Pria Ini Ditangkap dan Diborgol karena Makan Sandwich Saat Menunggu Kereta

Kompas.com Dipublikasikan 22.15, 12/11/2019 • Ardi Priyatno Utomo
Screengrab from YouTube
Steve Foster, seorang pria California, AS, ditangkap dan diborgol setelah makan sandwich ketika tengah menunggu kereta.

WALNUT CREEK, KOMPAS.com - Sebuah rekaman di California, AS, menjadi kontroversi setelah memperlihatkan seorang pria ditangkap dan diborgol karena makan sandwich saat menunggu kereta.

Peristiwa itu diberitakan terjadi pukul 08.00 Senin pekan lalu (4/11/2019), di mana si polisi sempat mengancam bakal memenjarakannya.

Pria yang diidentifikasi bernama Steve Foster itu awalnya sedang menunggu kereta di Stasiun Pleasant Hill, Walnut Creek, sambik makan sandwich.

Baca juga: Gara-gara Sandwich Popeyes Habis, Pelanggan Marah Acungkan Pistol

Diberitakan Daily Mirror Senin (11/11/2019), saat sedang menunggu itulah dia didatangi seorang polisi yang hendak menangkapnya.

Foster yang berasal dari Concord jelas tak terima. "Anda datang ke sini dan hendak menangkapku. Mengapa saya dari sekian banyak penumpang ini?" tanyanya.

"Anda makan. Itu melanggar hukum. Itu jelas melanggar hukum California. Saya berhak menangkapmu," ujar si polisi menunjuk sandwich Foster.

Di tengah perdebatan keduanya, Foster meminta dirinya dilepaskan. Tetapi si penegak hukum nampaknya meminta bantuan kepada rekannya.

Si aparat kenudian meminta pria 31 tahun menunjukkan kartu identitasnya, dan mengancam bakal menjebloskannya ke penjara jika melawan.

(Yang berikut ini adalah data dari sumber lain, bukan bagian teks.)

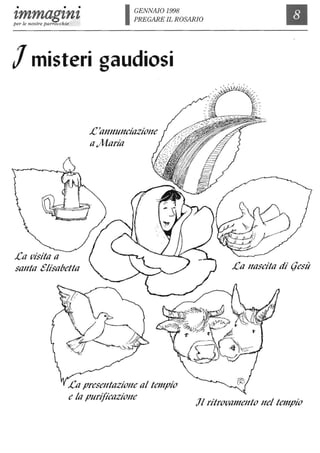 • • •
tmmagtntper le nostre parrocchie IGENNAIO 1998
PREGARE IL ROSARIO
Jmisteri gaudiosi
'ca visita a
salfta 81isabetta
L;'alflflllfciaziolfe
ajUaria
L;a Ifascita di (leslÌ
L;a preselftaziolfe al tempio
e la pllrificaziolfe
11 ritrovamelfto Ifel tempio
 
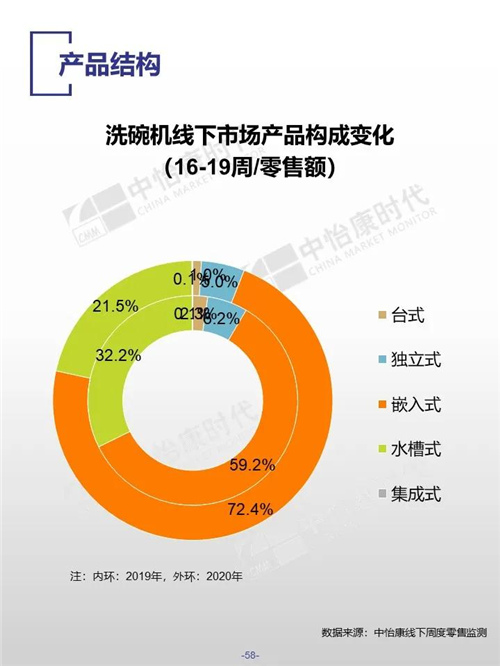 2020年五一廚衛(wèi)市場：廚下純水機依然是主流-廣東水展 watertech china (guangdong) - 2026年3月5-7日-環(huán)保水處理 | 膜與水處理 | 凈水設(shè)備及配件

"Saya bakal masuk ke penjara gara-gara roti sialan ini," kata Foster. "Tidak. Anda masuk penjara karena melawan perintah," jawab si polisi.

Foster lalu mengklaim bahwa dia merasa dipermalukan. Sebab, dia melihat setiap hari penumpang lain makan atau pun menyesap kopi.

Ketiga rekan polisi itu kemudian ditanglap. Foster kemudian ditangkap dengan tangannya diborgol seraya berteriak menunjuk rotinya.

Foster pun digelandang ke luar stasiun dan didudukkan di kursi. Kemudian datang polisi lain yang memberitahunya dia mirip dengan orang yang membuat kerusuhan.

Rebecca Saltzman, Wakil Presiden Dewan BART selaku operator kereta menyatakan, pihaknya tengah menyelidiki insiden tersebut.

Baca juga: Akibat Mencuri Sandwich, Anggota Parlemen Slovenia Mengundurkan Diri

Foster yang didenda 250 dollar AS, sekitar 3,5 juta, dan 48 jam kerja sosial, mengaku bakal menuntut supaya tiketnya dikembalikan.

"Saya sangat kecewa, sangat marah, sedikit frustrasi, dan tentu saja, kembali sangat marah atas apa yang saya alami," ujarnya.

Insiden tersebut memunculkan aksi protes dengan cara duduk menikmati makan siang di stasiun BART yang terlarang bagi makanan.

BART kemudian merilis pernyataan bahwa Foster segera dilepaskan begitu memberikan nama identitas seperti nama lengkapnya.

"Dia memang diborgol karena menolak memberikan namanya beberapa kali. Begitu dia menjelaskan soal identitasnya, dia dilepaskan," ujar BART.